Creating DAGs with PyCondor

Often the need arises to perform a series of tasks that are related to one another. For example, you might have a workflow that’s something like “do task A, then do task B, and then do task C”. These dependencies, task A must be done before task B and task B must be done before task C, can be encapsulated in a directed acyclic graph (DAG). There are many libraries and frameworks for constructing and executing DAGs. One in particular, HTCondor, I utilize in my work.

This tutorial walks through constructing an example DAG (shown below) using PyCondor, a Python package for building workflows that can be submitted to an HTCondor cluster. This example DAG can be found in the PyCondor example scripts on GitHub.
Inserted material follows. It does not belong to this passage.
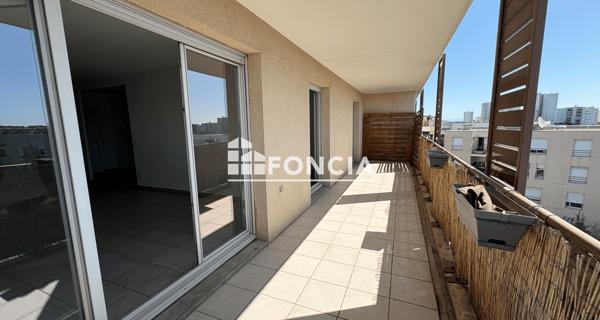 Location Appartement 3 pièces 67.75 m² - Vaulx-en-velin 69120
from pycondor import Job, Dagman

# Define the error, output, log, and submit directories
error = 'condor/error'
output = 'condor/output'
log = 'condor/log'
submit = 'condor/submit'

# Instantiate a Dagman
dagman = Dagman(name='tutorial_dagman',
                submit=submit)

# Instantiate Jobs
job_date = Job(name='date_job',
               executable='/bin/date',
               submit=submit,
               error=error,
               output=output,
               log=log,
               dag=dagman)

job_sleep = Job(name='sleep_job',
                executable='/bin/sleep',
                submit=submit,
                error=error,
                output=output,
                log=log,
                dag=dagman)
job_sleep.add_arg('1')
job_sleep.add_arg('2')
job_sleep.add_arg('3')

# Add inter-job relationship
# Ensure that job_sleep finishes before job_date starts
job_sleep.add_child(job_date)

# Write all necessary submit files and submit job to HTCondor
dagman.build_submit()

Job and Dagman objects

The basic building blocks in PyCondor are the Job and Dagman objects. A Job object represents an executable (e.g. a shell command, Python script, etc.) that you would like to run on an HTCondor cluster. While the Dagman object represents a collection of Jobs to be run.

from pycondor import Job, Dagman

Both the Job and Dagman objects can be imported directly from pycondor.

Job and Dagman file directories

There are several files that will be generated for both Job and Dagman objects. For each Job and Dagman object, PyCondor will create a submit file. This file will be formatted such that it can be submitted to HTCondor for execution. In addition to submit files, log files and files containing the standard output and error for each Job will also be generated.

# Define the error, output, log, and submit directories
error = 'condor/error'
output = 'condor/output'
log = 'condor/log'
submit = 'condor/submit'

For this tutorial, we will explicitly specify the directories that we would like the error, output, log, and submit files to be saved to. If not specified, the current working directory will be used.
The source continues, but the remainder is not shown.